Extracted material Block Start
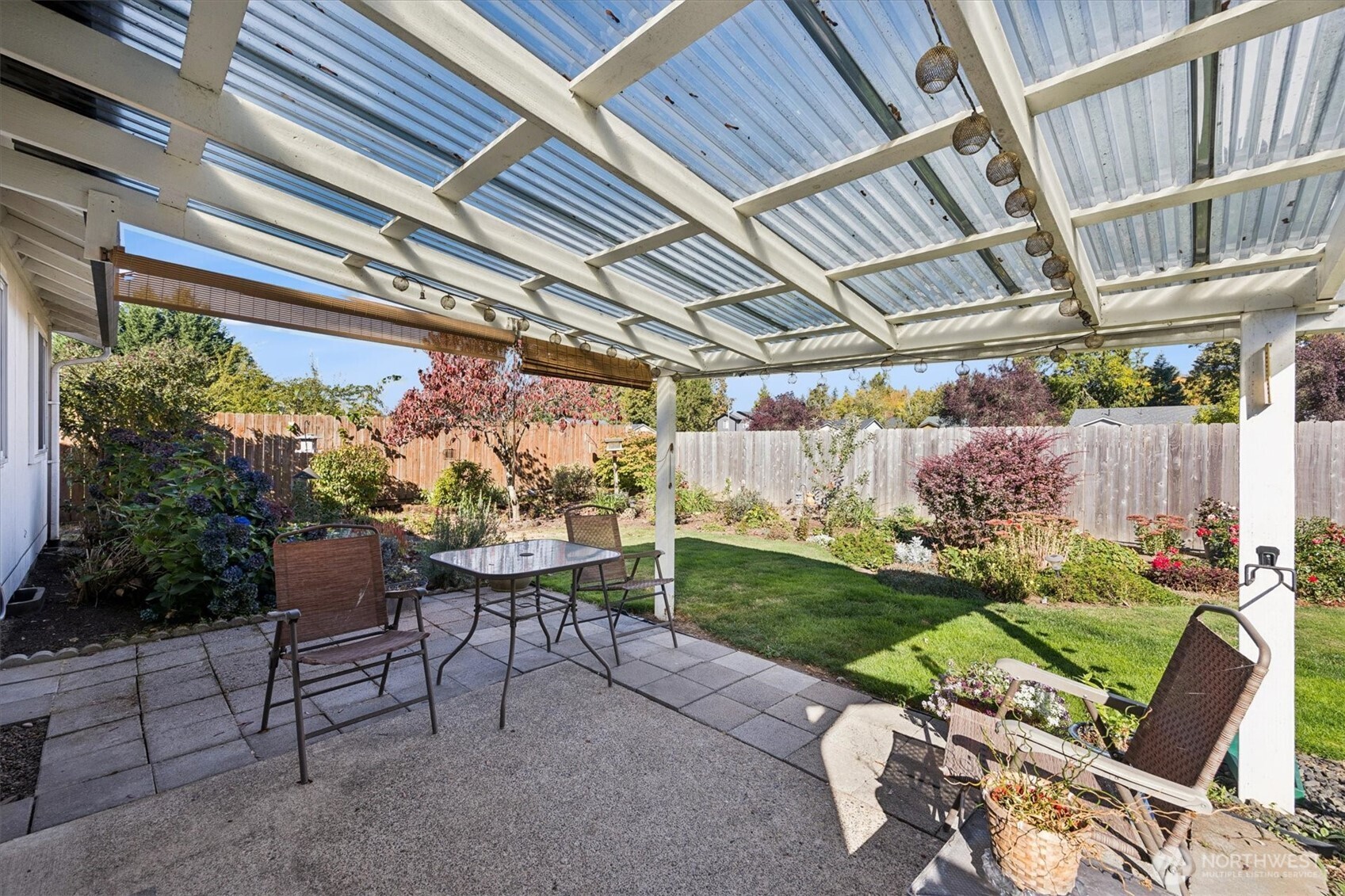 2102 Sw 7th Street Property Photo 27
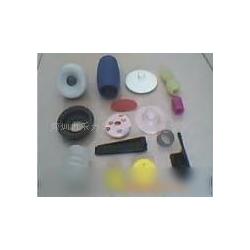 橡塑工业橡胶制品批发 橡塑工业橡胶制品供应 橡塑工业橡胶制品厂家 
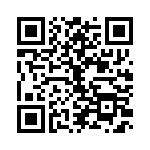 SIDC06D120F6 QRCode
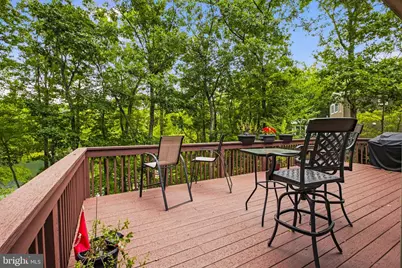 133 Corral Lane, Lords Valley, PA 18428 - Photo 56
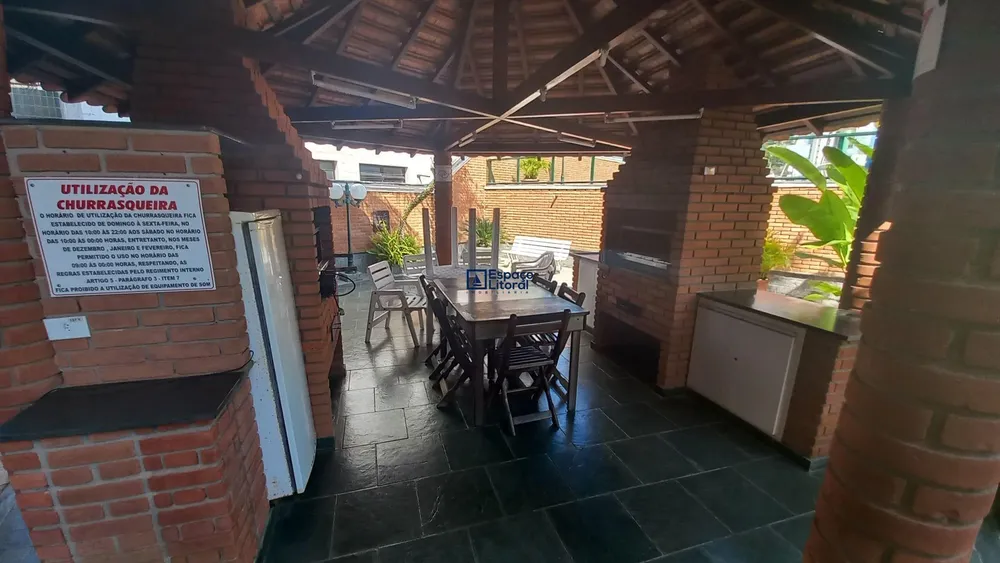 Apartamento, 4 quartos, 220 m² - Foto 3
Extracted material Block End
- What is expected: Please write out exactly the lines starting at the one that contains "橡塑工业橡胶制品批发 橡塑工业橡胶制品供应 橡塑工业橡胶制品厂家" and ending with the final line of the entries, both ends included. Do not write out any pictures.

- Exercise result:
 橡塑工业橡胶制品批发 橡塑工业橡胶制品供应 橡塑工业橡胶制品厂家 
 SIDC06D120F6 QRCode
 133 Corral Lane, Lords Valley, PA 18428 - Photo 56
 Apartamento, 4 quartos, 220 m² - Foto 3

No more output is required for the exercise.